* **Task description**
Give the lines again exactly as they appear, from the first line of the listing through the line containing "Thank you very much for your attention. This", and omit every picture.
Dataset excerpt Start Marker
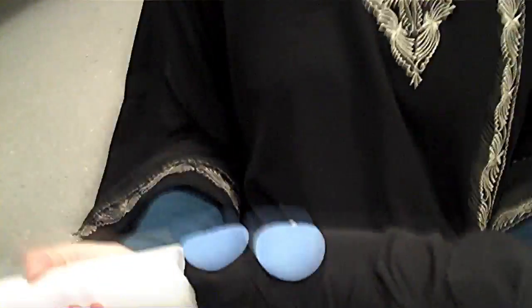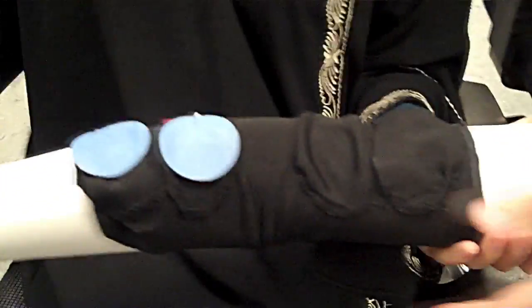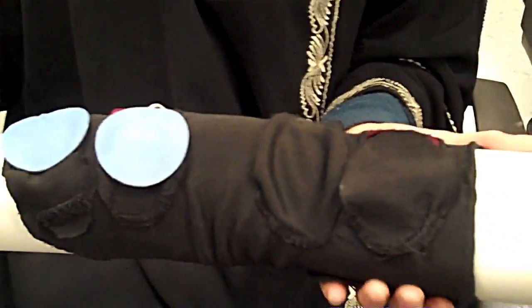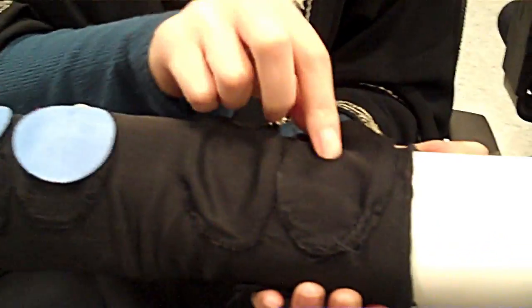We're here in the biomedical engineering lab with the NeuroBridge group. I am a biomechanical engineer working on the NeuroBridge device. The sleeve itself slides on to rehabilitate patients with ALS, stroke, and other diseases.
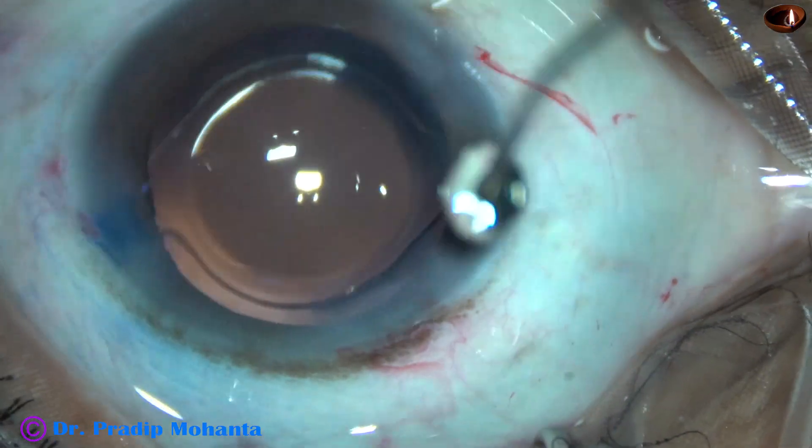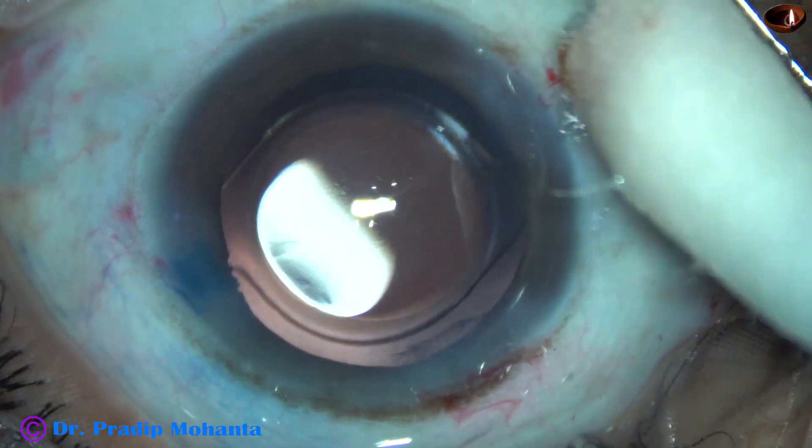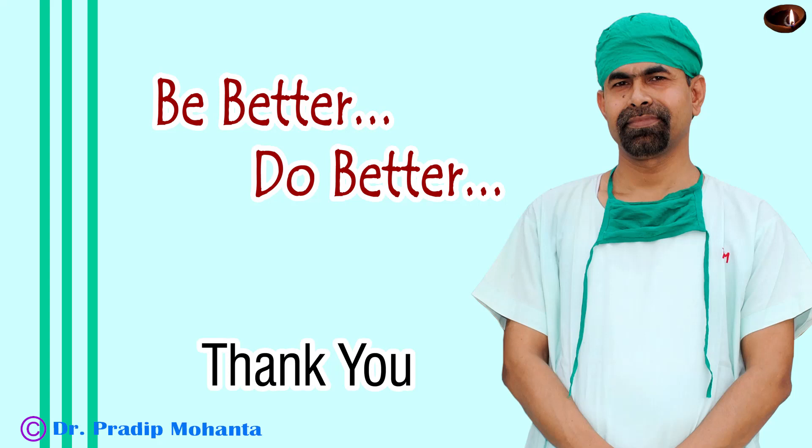Now the integrity of all the wounds are checked. Few drops of moxifloxacin is applied over the cornea, and the case is concluded. Thank you very much for your attention. Hope this video will help you in developing your surgical skills. Be a great surgeon and serve your patients with love, respect, empathy, and great surgical competence.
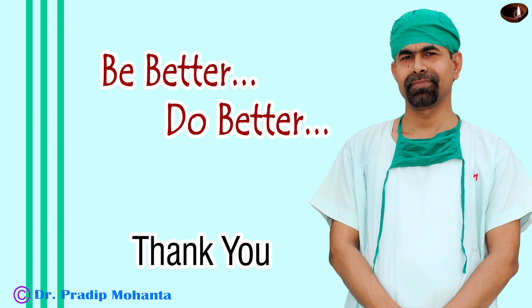Thank you very much for your attention. This video will help you in developing your surgical skills. Be a great surgeon and serve your patients with love, respect, empathy, and great surgical competence. Thank you very much.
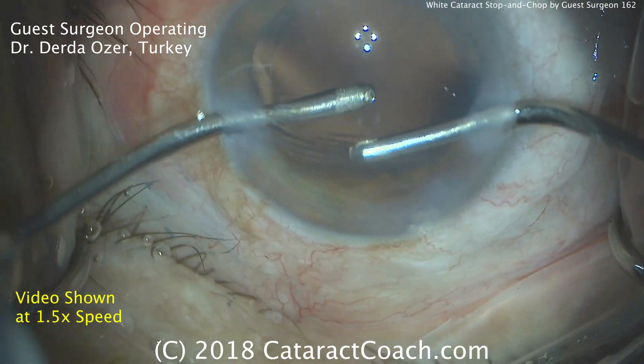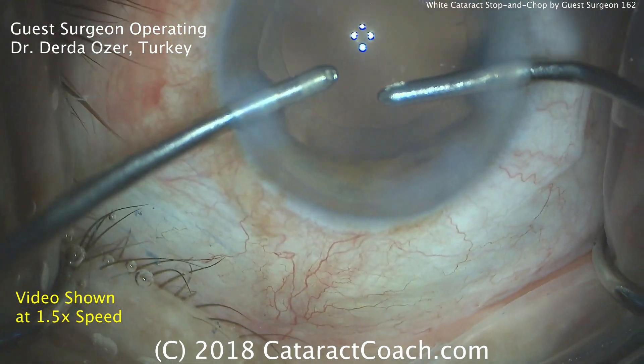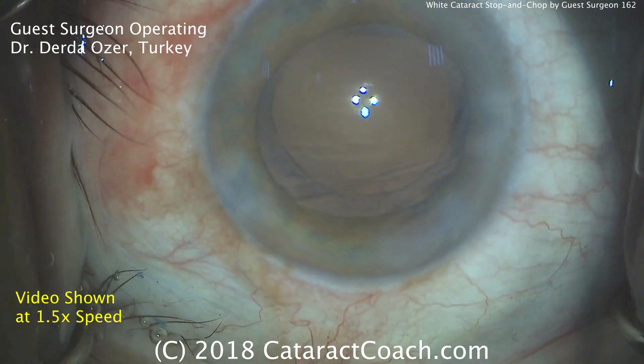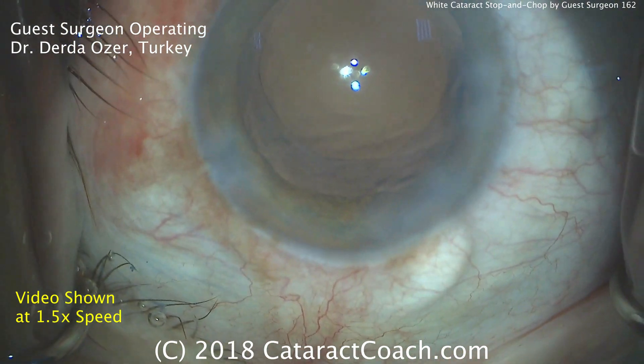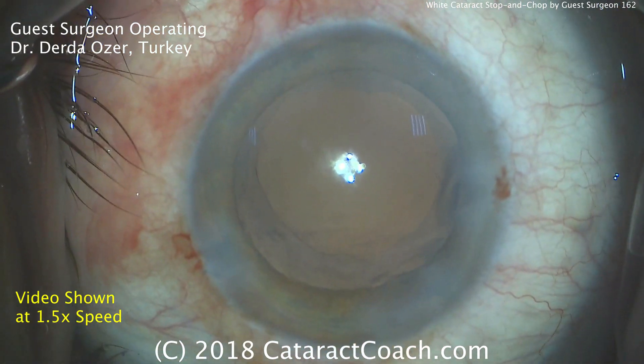This is looking great — this patient is going to be absolutely amazed. This is one of the magical things that we do in ophthalmology. Patients come in with this white cataract, completely opaque; the preoperative vision is probably hand motion. And the patient can end up with great vision the very same day. This is truly amazing.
Dataset excerpt End Marker
* **Answer area**
We're here in the biomedical engineering lab with the NeuroBridge group. I am a biomechanical engineer working on the NeuroBridge device. The sleeve itself slides on to rehabilitate patients with ALS, stroke, and other diseases.
Now the integrity of all the wounds are checked. Few drops of moxifloxacin is applied over the cornea, and the case is concluded. Thank you very much for your attention. Hope this video will help you in developing your surgical skills. Be a great surgeon and serve your patients with love, respect, empathy, and great surgical competence.
Thank you very much for your attention. This video will help you in developing your surgical skills. Be a great surgeon and serve your patients with love, respect, empathy, and great surgical competence. Thank you very much.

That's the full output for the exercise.